Podemos compreender agora a insistência do pensamento patrístico sobre a universalidade do princípio trinitário enquanto fundamento de toda existência e de todo ser. O homem vacila entre o nada e o absoluto de Deus sem poder encontrar outra saída. Kierkgaard disse com razão: “Deus é o terceiro termo de tudo com que o homem se ocupa”. Toda comunhão que transcende o indivíduo é sempre a unidade num terceiro. Tudo o que existe realmente é a imagem ou o vestígio da Trindade, e o grau de sua realidade é função de sua participação a esse mistério.

Assim é que a contemplação dos Padres descobriu em Deus a Ecclesia celeste das três Pessoas divinas. Essa visão constitui a “imagem condutora”, o modelo ideal da Igreja terrestre dos homens. Ela postula a comunhão, a unidade de todos recapitulada em Jesus Cristo. Feita à imagem do Deus uno e trino, a Igreja é “uma e múltipla”. A unidade do Pai, do Filho e do Espírito é glorificada na própria estrutura da Igreja; seu mistério essencial consiste em ser uma e todos a um só tempo.

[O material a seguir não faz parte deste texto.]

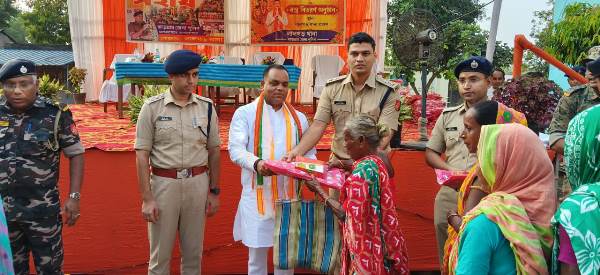 Jhargram : लालगढ़ थाने ने ‘सहाय’ कार्यक्रम का किया आयोजन, जरूरतमंदों के बीच साड़ी, धोती, मच्छरदानी व बच्चों को कपड़े किया प्रदान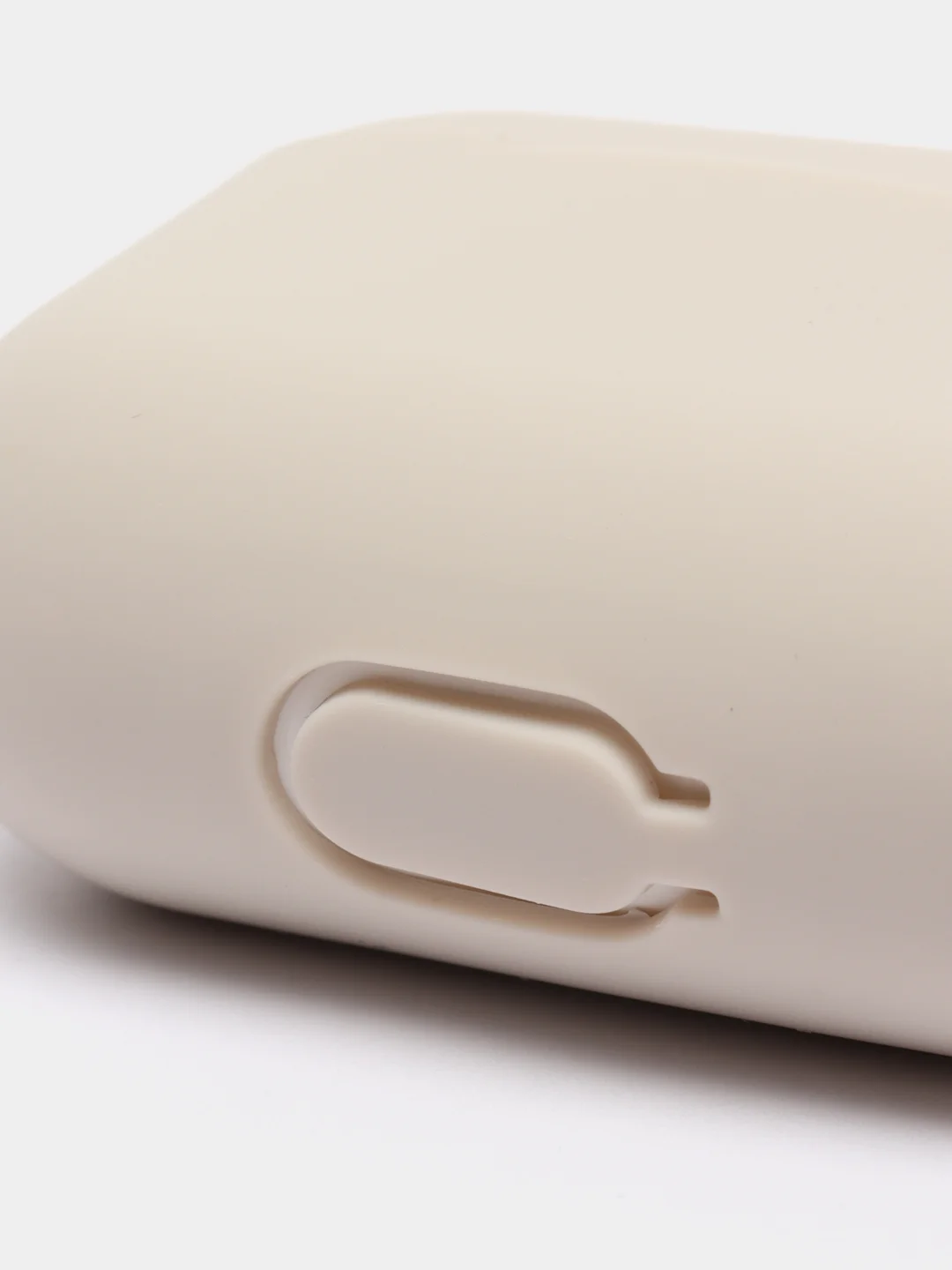 Розовый силиконовый чехол для наушников Airpods (Аирподс) 1, 2, 3, Pro, с карабином-держателем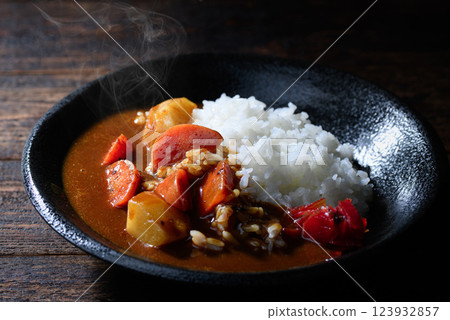 咖哩飯（深色背景） 123932857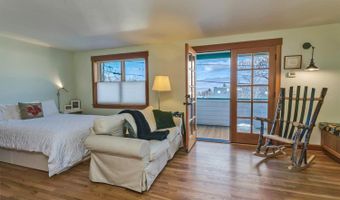 19 Gresham St, Ashland, OR 97520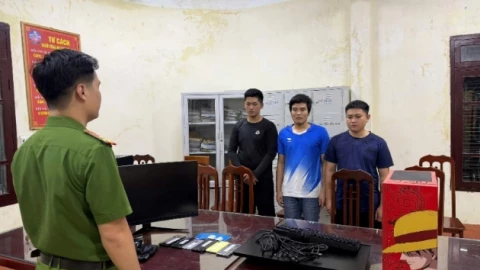 Giả danh nhân viên game Liên Minh Huyền Thoại chiếm đoạt nửa tỷ đồng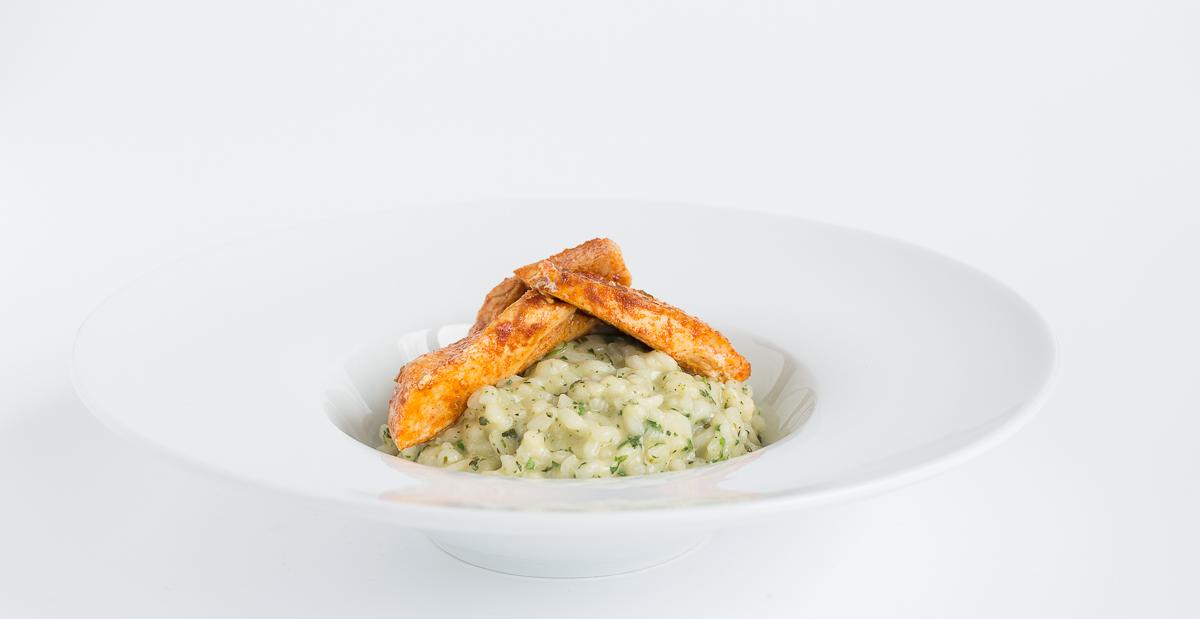 Rezeptbild: Kräuter-Risotto mit rotem Hühnchen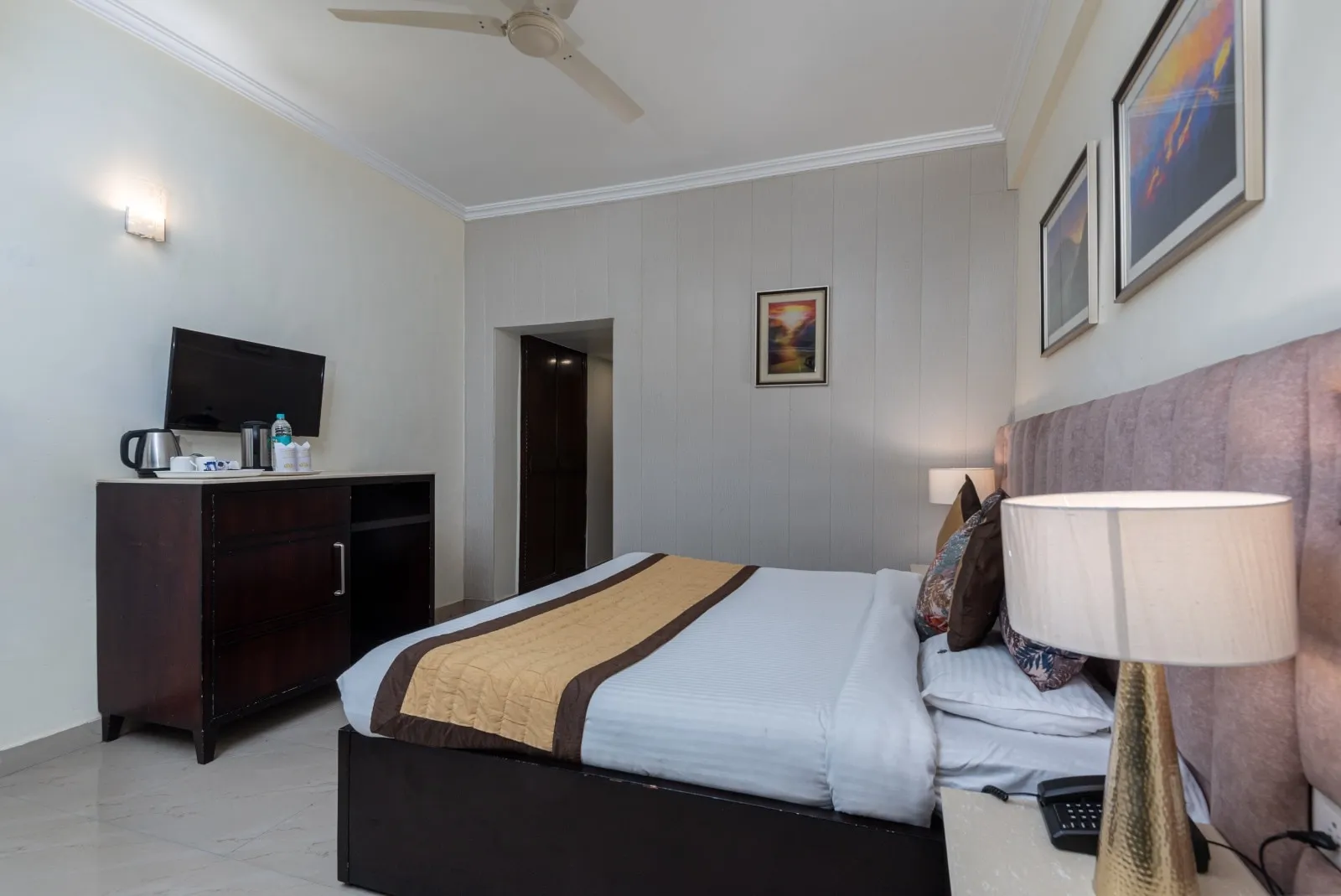 DLS Hotel Pearl Room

Toda associação humana, toda forma sociológica, toda amizade, todo amor, não passam de substratos naturais insuficientes em si mesmos: tudo isso precisa ser vivificado pelo princípio de integração sobrenatural, pelo terceiro termo da presença divina. Essa necessidade provém das profundezas mesmas do homem. Com efeito, ele foi criado como casal, sua estrutura conjugal é eclesial. O homem e a mulher são os elementos constitutivos e complementares de um só ser conjugal, eles são “um para o outro”, e, como disse São Cirilo de Alexandria, “Deus criou o con-ser”. E São João Crisóstomo, por sua vez, sublinha que eles não são apenas reunidos, mas um.  É por isso que o ser conjugal é a mais adequada e perfeita imagem de Deus.

A iconografia oferece uma ilustração impressionante dessa verdade. O fundo das bodas nupciais de antigamente representava a Cristo segurando as duas coroas acima dos esposos, revelando assim seu centro divino de integração e fazendo da comunidade conjugal uma imagem da Trindade. São Teófilo de Antioquia faz eco a esses símbolos, ao declarar: “Deus criou Adão e Eva para o maior amor entre eles, refletindo o mistério da unidade divina”. O primeiro dos dogmas cristãos estrutura assim o ser conjugal, numa pequena tríade, ícone do mistério trinitário.

O fundamento cristológico

O dogma cristológico formulado pelo Concílio de Calcedônia especifica o alcance da Encarnação em relação à salvação do homem: as duas naturezas, divina e humana, são unidas na Pessoa do Verbo sem confusão nem separação. Elas entram numa espécie de co-penetração e, como o ferro colocado no fogo, a natureza humana aí se vê deificada. A partir daí, é para a unidade correspondente do humano e do divino que se dirige toda a economia da salvação: a graça divina se une à natureza humana, e a Igreja é antes de tudo o lugar onde se opera essa comunhão.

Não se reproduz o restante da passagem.